Prompt: With the pictures omitted, set down exactly the lines from the one that contains "Dr. Ronald Norton" through the last line of the data.

Top of Information provided

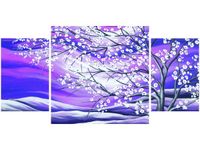 product-compare-58644395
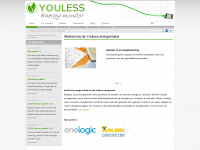 Youless.nl
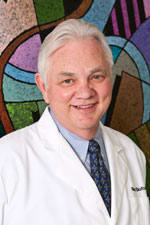 Dr. Ronald Norton Skufca, DO - Dallas, TX - Family Medicine, Osteopathic Medicine
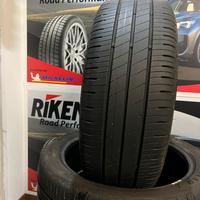 205/45/17 - GOODYEAR Efficient Grip PERFOMANCE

Bottom of Information provided

Result of this task:
 Dr. Ronald Norton Skufca, DO - Dallas, TX - Family Medicine, Osteopathic Medicine
 205/45/17 - GOODYEAR Efficient Grip PERFOMANCE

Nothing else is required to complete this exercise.